Given the vastness of the African continent, its music is diverse, with regions and nations having many distinct musical traditions. African music includes the genres Jùjú, Fuji, Highlife, Makossa, Kizomba, Afrobeat and others.
The music and dance of the African diaspora, formed to varying degrees on African musical traditions, include American music like Dixieland jazz, blues, jazz, and many Caribbean genres, such as calypso (see kaiso) and soca.
Latin American music genres such as zouk, bomba, conga, rumba, son cubano, salsa music, cumbia and samba, were founded on the music of enslaved Africans, and have in turn influenced African popular music.
Like the music of Asia, India and the Middle East, it is a highly rhythmic music. The complex rhythmic patterns often involving one rhythm played against another to create a polyrhythm.
The most common polyrhythm plays three beats on top of two, like a triplet played against straight notes. Sub-Saharan African music traditions frequently rely on percussion instruments of many varieties, including xylophones, djembes, drums, and tone-producing instruments such as the mbira or “thumb piano.”
Another distinguishing form of African music is its call-and-response nature: one voice or instrument plays a short melodic phrase, and that phrase is echoed by another voice or instrument.
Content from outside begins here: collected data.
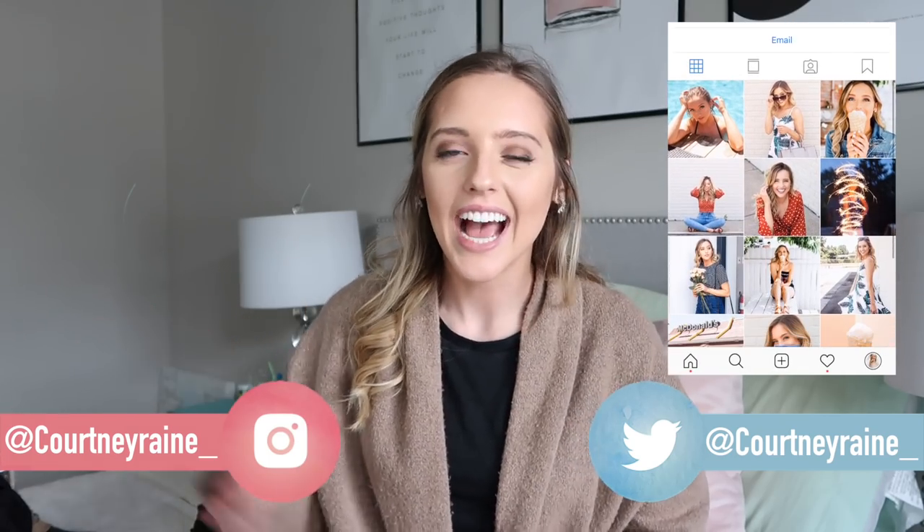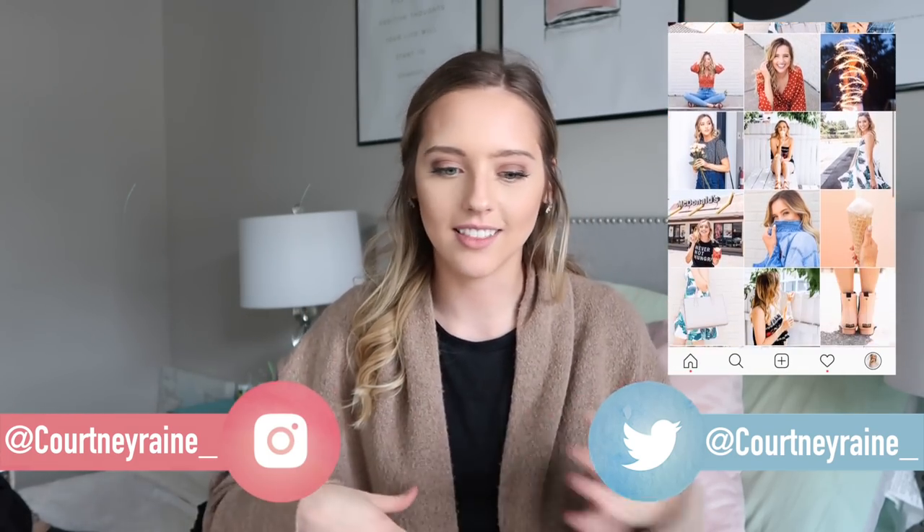Hey guys, welcome back to my channel! If you're new here, my name is Courtney. I post videos about beauty, fashion, faith, and lifestyle. For today's video I'm doing a gigantic $300 clothing haul. I want to say I'm very grateful that rue21 sent me a $300 gift card — I'm not getting paid for this video. Since it's that in-between fall and winter time, I really tried to focus on transitional pieces.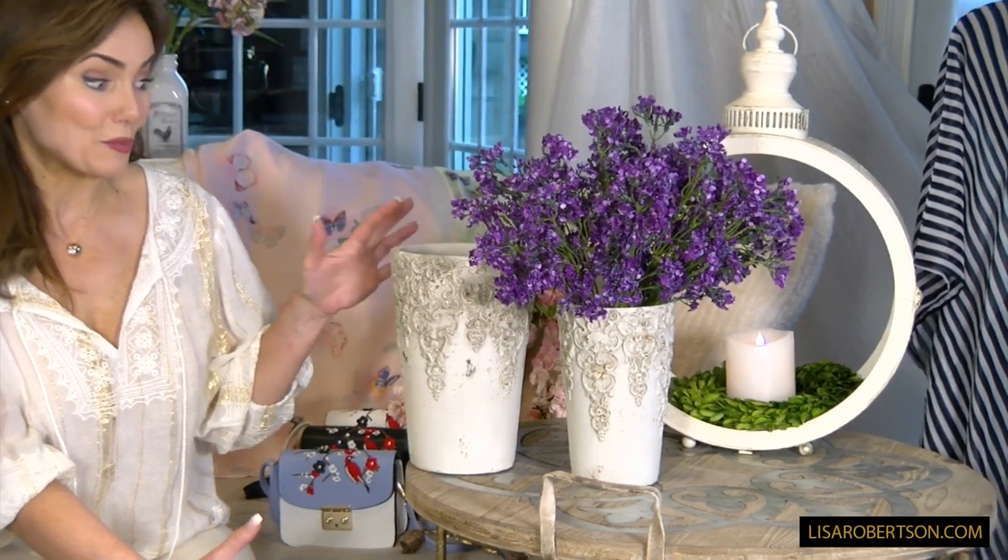That's exactly what these remind me of. These are vases done in ceramic, but they really look like an aged kind of cement, and they're beautiful.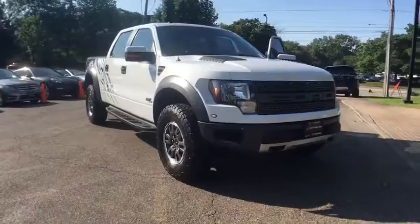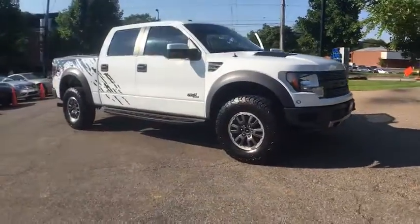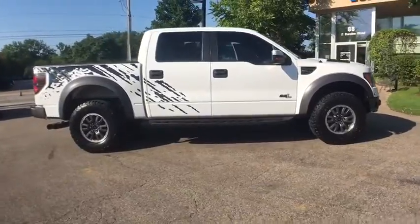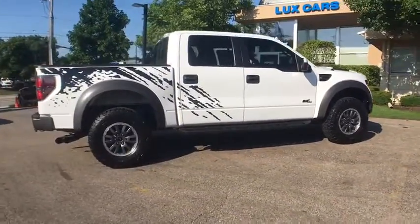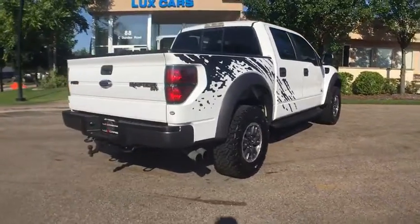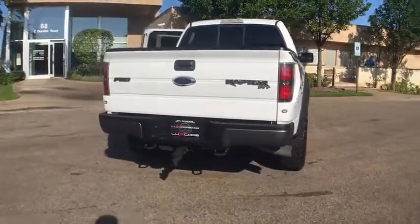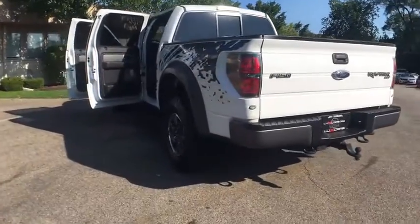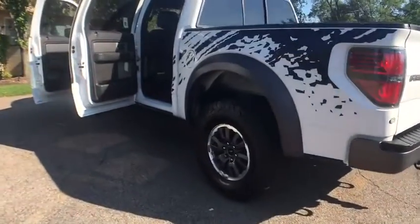Super loaded and very clean 2011 Ford Raptor SVT SuperCrew 4WD, navigation and backup camera, heated leather seats, luxury package, power moonroof, Sony premium sound system, running boards, tow hitch, 17 alloy wheels.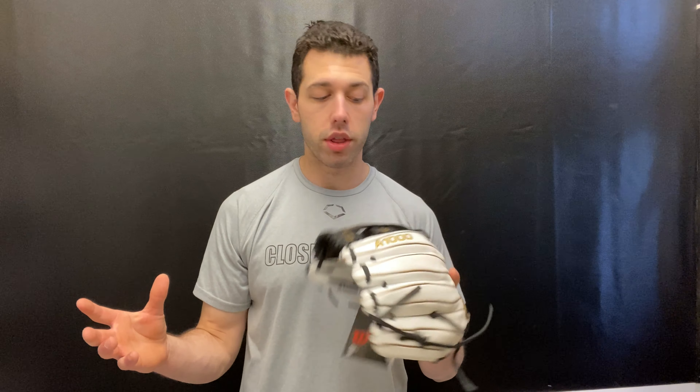This one being a 12 inch and featuring that H-Web, you can play second with it, you can play short with it, you can play third with it. And a glove that will ultimately last about three to four years as long as the proper care is met with it.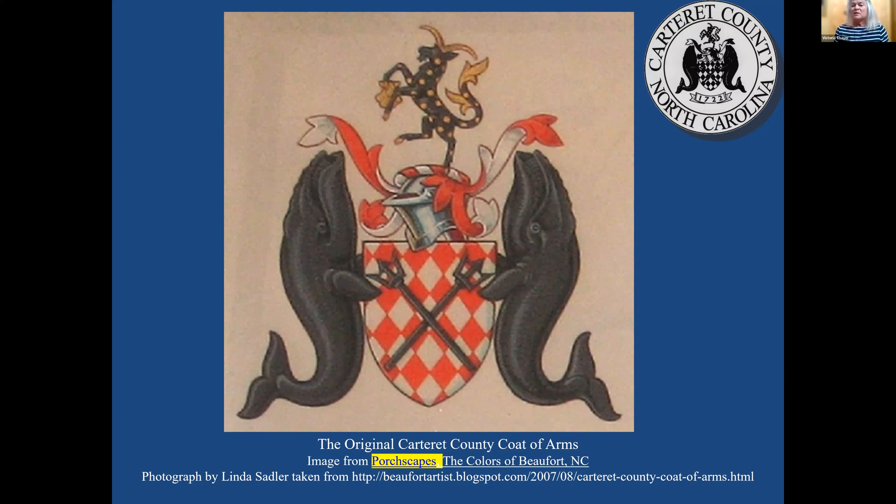So important was whale oil that there are two North Atlantic right whales on the Carteret County seal, based on the Carteret County coat of arms. You can see the county seal on trucks and buildings. The right whale is easily identified by the lack of a dorsal fin.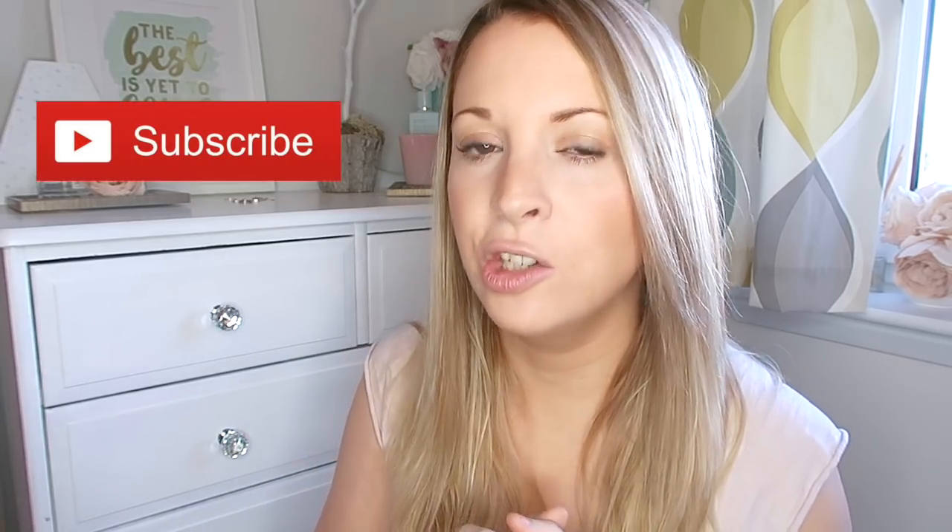Thanks so much for watching today. I hope you enjoyed today's video — if you did, give it a big thumbs up. Don't forget to subscribe, and if you love organizing as much as I do, let me know in the comments with 'yes Amy I love organizing' and we can make more videos like this. I'll see you in the next video. Bye!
Correctbase
The call-and-response nature extends to the rhythm, where one drum will play a rhythmic pattern, echoed by another drum playing the same pattern. African music is also highly improvised.
A core rhythmic pattern is typically played, with drummers then improvising new patterns over the static original patterns.
Traditional music in most of the continent is passed down orally (or aurally) and is not written. There are subtle differences in pitch and intonation that do not easily translate to Western notation.
African music most closely adheres to Western tetratonic (four-note), pentatonic (five-note), hexatonic (six-note), and heptatonic (seven-note) scales.
Harmonization of the melody is accomplished by singing in parallel thirds, fourths, or fifths (see Traditional sub-Saharan African harmony).
Music is important to religion in Africa, where rituals and religious ceremonies use music to pass down stories from generation to generation as well as to sing and dance to.